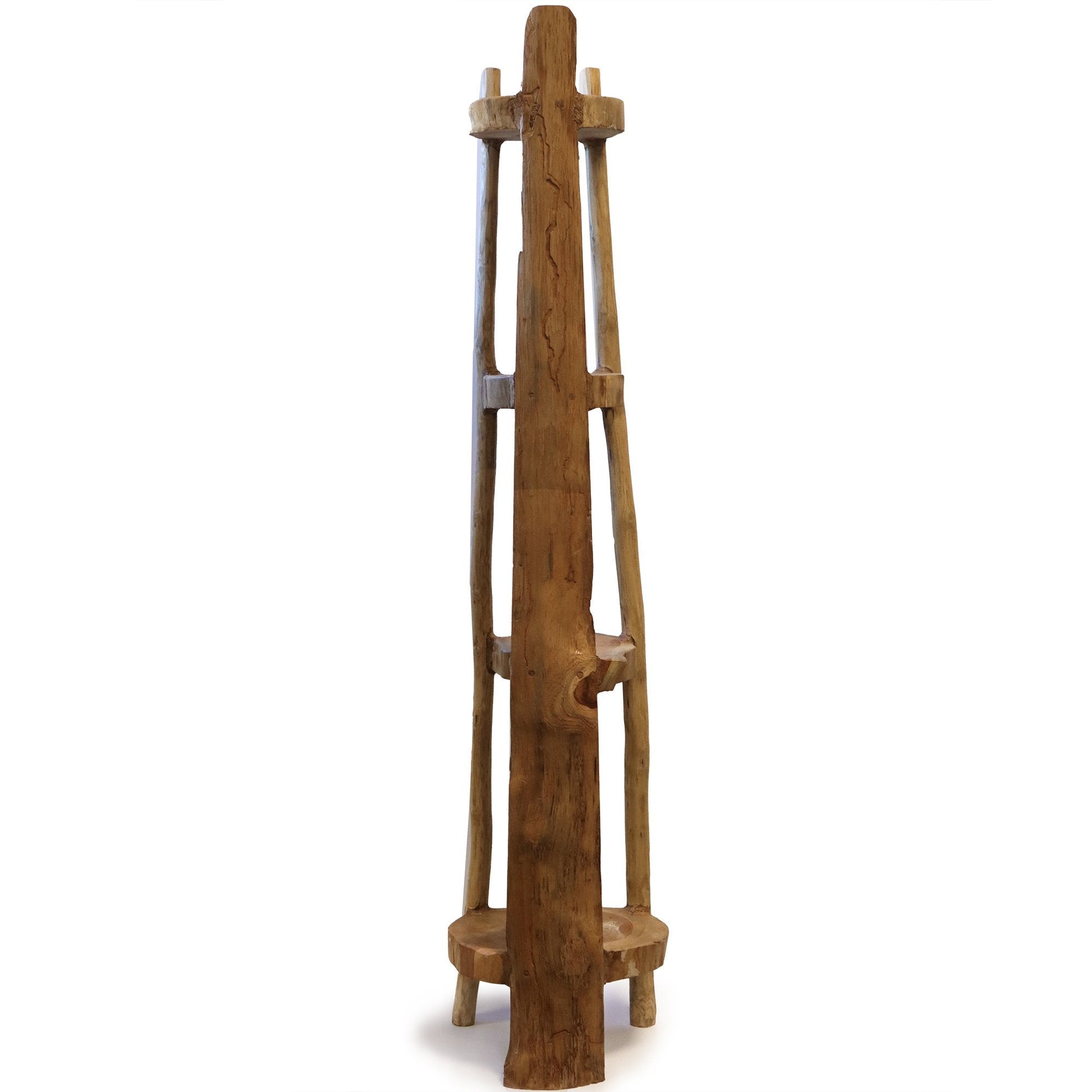 135cm High Natural Teak Corner Shelf Unit with 4 Shelves | #product_category# - OneRoofGifts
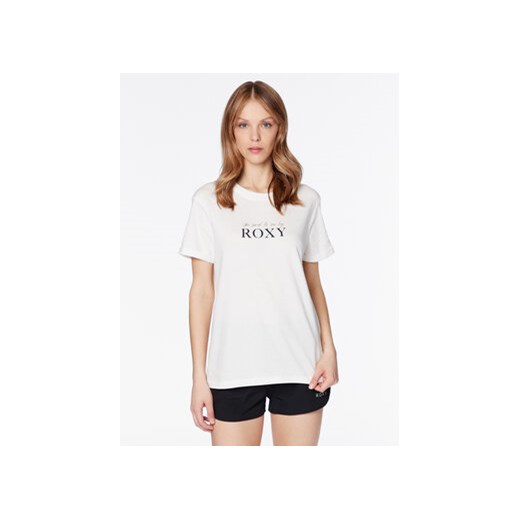 Roxy T-Shirt Noon Ocean ERJZT05490 Biały Regular Fit ze sklepu MODIVO w kategorii Bluzki damskie - zdjęcie 168522687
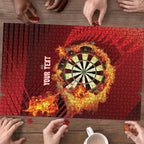 Personalised Darts New Zealand Puzzle Silver Fern Red Color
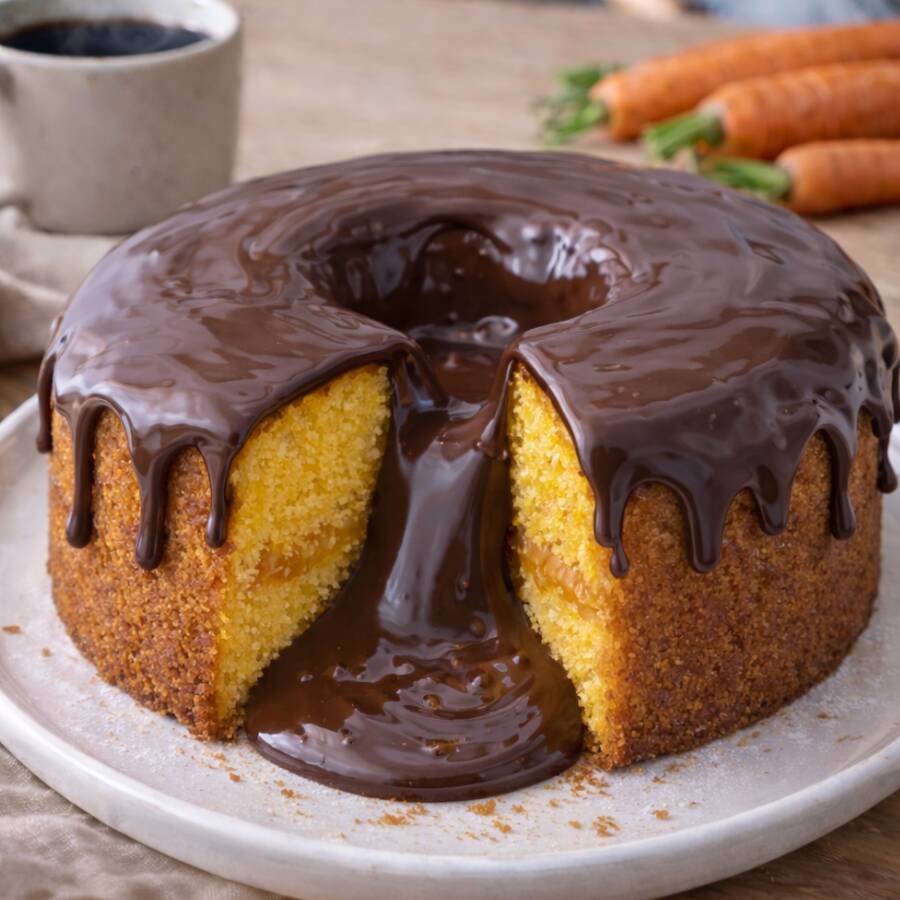 Bolo de Cenoura Super Fofo Com Cobertura de Chocolate Cremosa e Generosa, Recheio Central Que Transborda Até Quase Derramar. Puro Exagero e Sabor Irresistível.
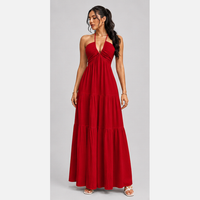 Robe longue dos nu à volants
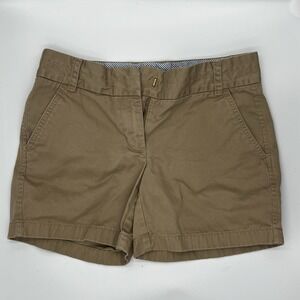 J.Crew Chino Shorts Womens 0 Khaki Tan 100% Cotton 3 Inch Inseam 68925 SP13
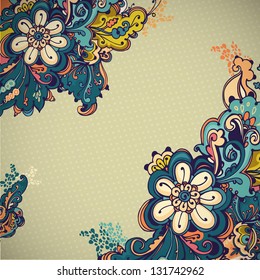 Abstract floral ornament with many details. Excellent background for your greeting card.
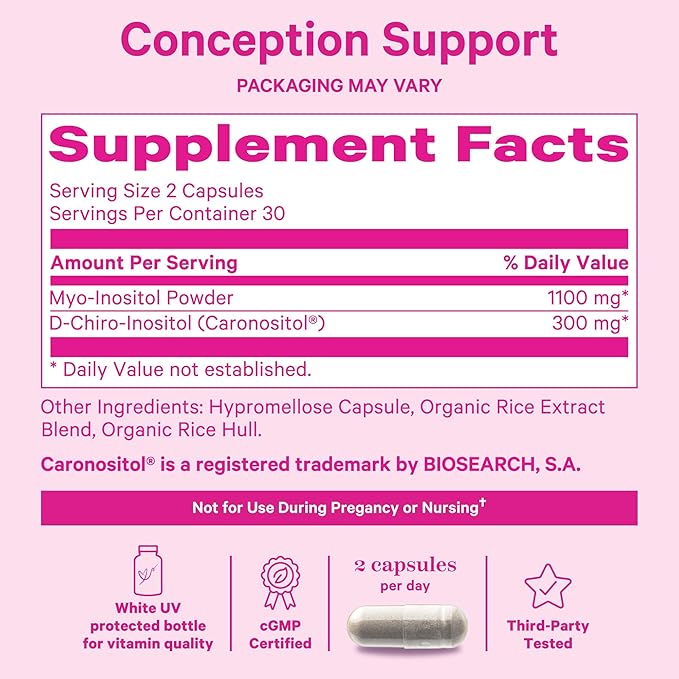 Pink Stork Myo-Inositol & D-Chiro Inositol: 3.6:1 Blend to Support Fertility, Hormone Balance for Women - Ovarian Function, Ovulation, Conception, and Period Support Supplement - 60 Capsules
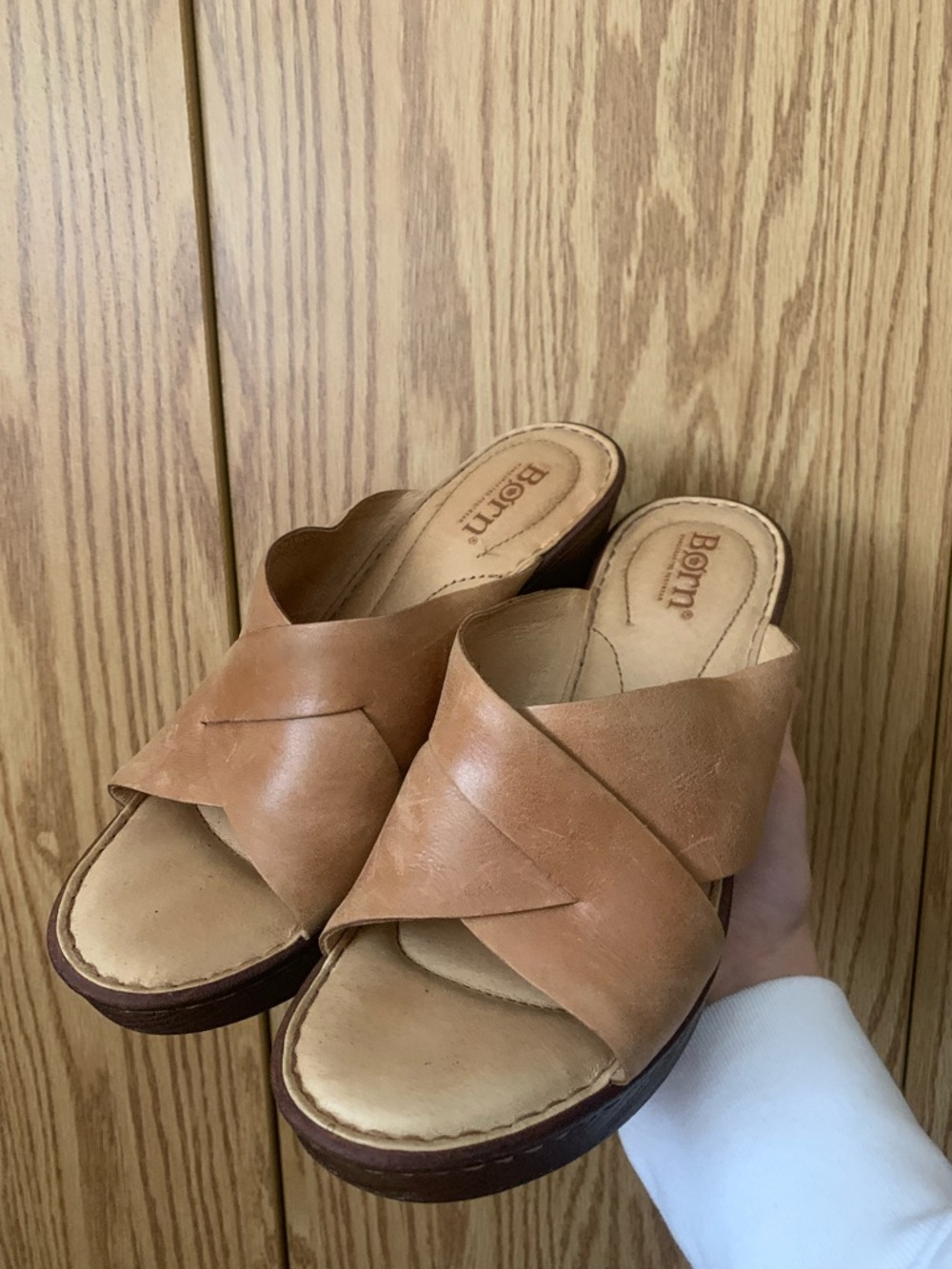 Born Women's Cognac Leather Crisscross Slide Mules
= = = =
In your copy, include no pictures, but reproduce all records exactly.

 135cm High Natural Teak Corner Shelf Unit with 4 Shelves | #product_category# - OneRoofGifts
 Roxy T-Shirt Noon Ocean ERJZT05490 Biały Regular Fit ze sklepu MODIVO w kategorii Bluzki damskie - zdjęcie 168522687
 Personalised Darts New Zealand Puzzle Silver Fern Red Color
 Bolo de Cenoura Super Fofo Com Cobertura de Chocolate Cremosa e Generosa, Recheio Central Que Transborda Até Quase Derramar. Puro Exagero e Sabor Irresistível.
 Robe longue dos nu à volants
 J.Crew Chino Shorts Womens 0 Khaki Tan 100% Cotton 3 Inch Inseam 68925 SP13
 Abstract floral ornament with many details. Excellent background for your greeting card.
 Pink Stork Myo-Inositol & D-Chiro Inositol: 3.6:1 Blend to Support Fertility, Hormone Balance for Women - Ovarian Function, Ovulation, Conception, and Period Support Supplement - 60 Capsules
 Born Women's Cognac Leather Crisscross Slide Mules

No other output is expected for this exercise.